External sphincter muscle of female urethra
The external sphincter muscle of female urethra is a muscle which controls urination in females. The muscle fibers arise on either side from the margin of the inferior ramus of the pubis, they are directed across the pubic arch in front of the urethra, pass around it to blend with the muscular fibers of the opposite side, between the urethra and vagina.

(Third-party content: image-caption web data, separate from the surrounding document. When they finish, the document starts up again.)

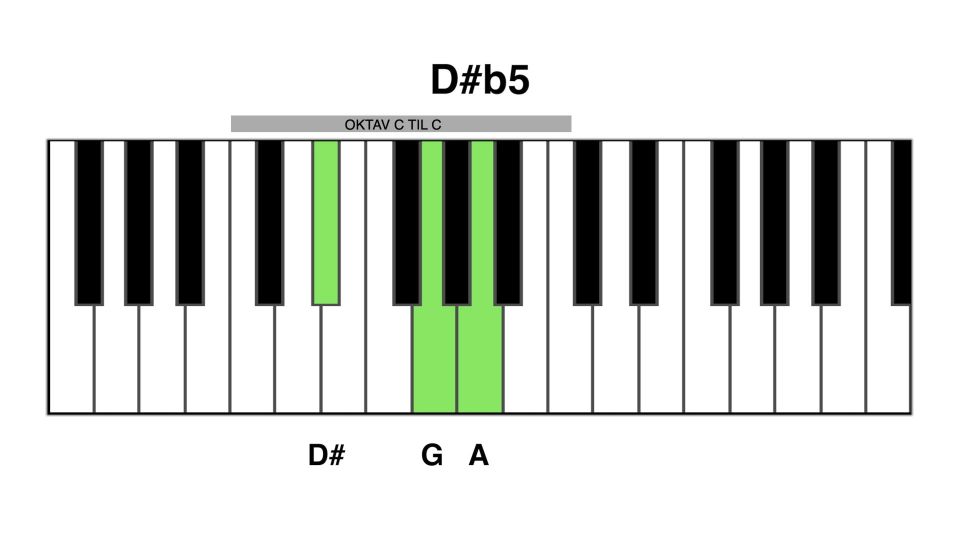 D#b5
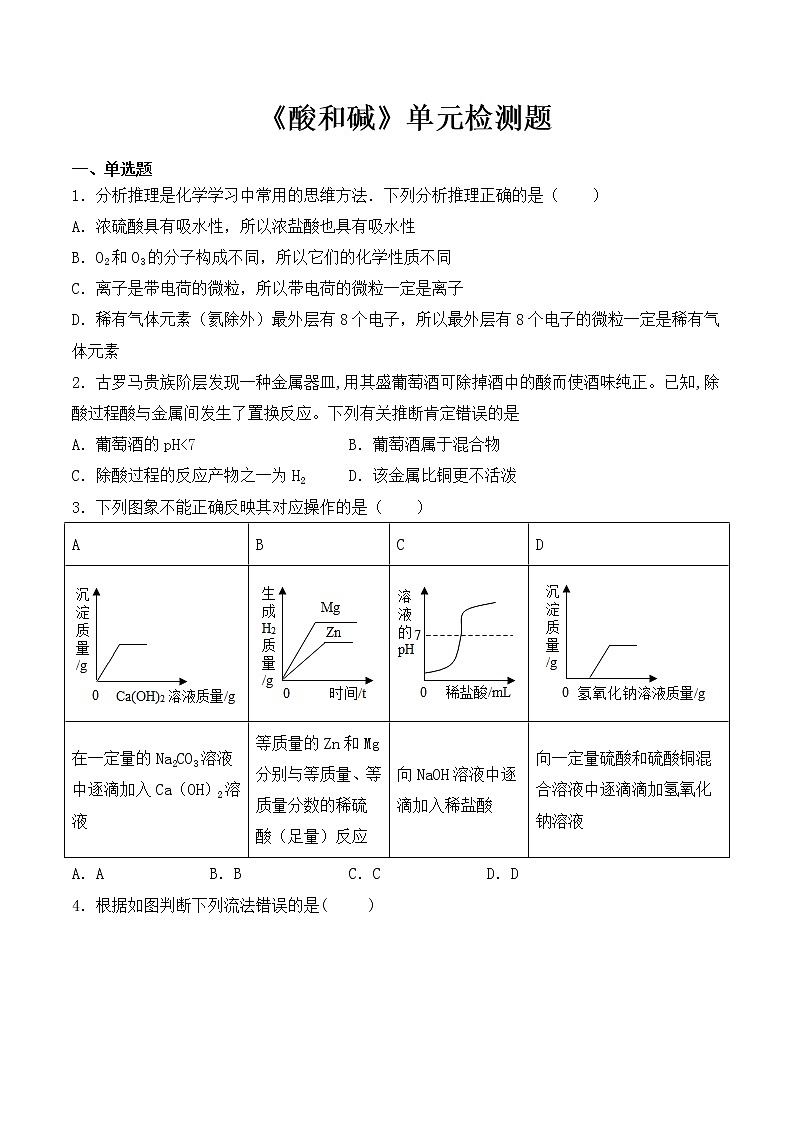 人教版初中化学九年级下册第十单元 酸和碱 单元检测题01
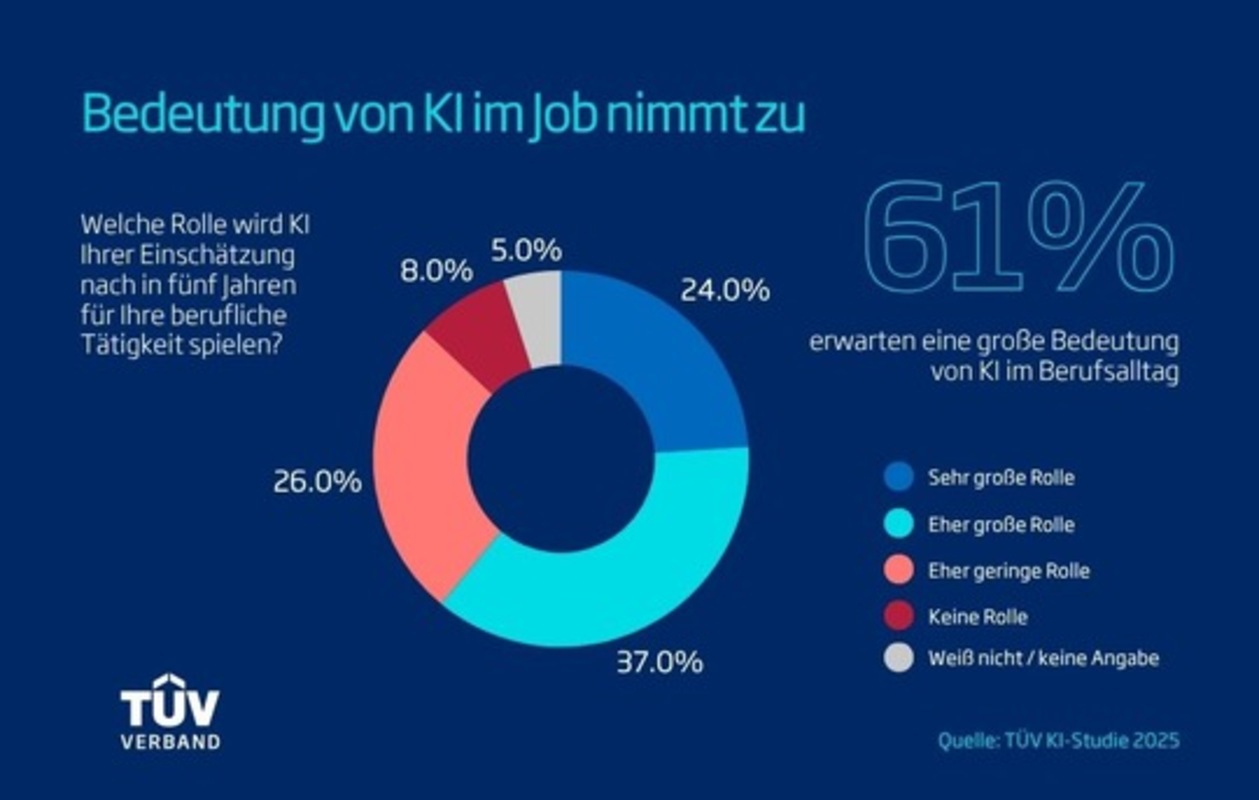 Kreisdiagramm "Bedeutung von KI im Job nimmt zu". Bild Bild © TÜV-Verband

The term "urethrovaginal sphincter" is sometimes used to describe the component adjacent to the vagina. TA: A09.5.03.006F, FMA: 30439 The "compressor urethrae" is considered a distinct, adjacent muscle by some sources, TA: A09.5.03.005F, FMA: 30438 The muscle helps maintain continence of urine along with the internal urethral sphincter, under control of the autonomic nervous system. The external sphincter muscle prevents urine leakage as the muscle is tonically contracted via somatic fibers that originate in Onuf's nucleus and pass through sacral spinal nerves S2-S4 the pudendal nerve to synapse on the muscle. Voiding urine begins with voluntary relaxation of the external urethral sphincter.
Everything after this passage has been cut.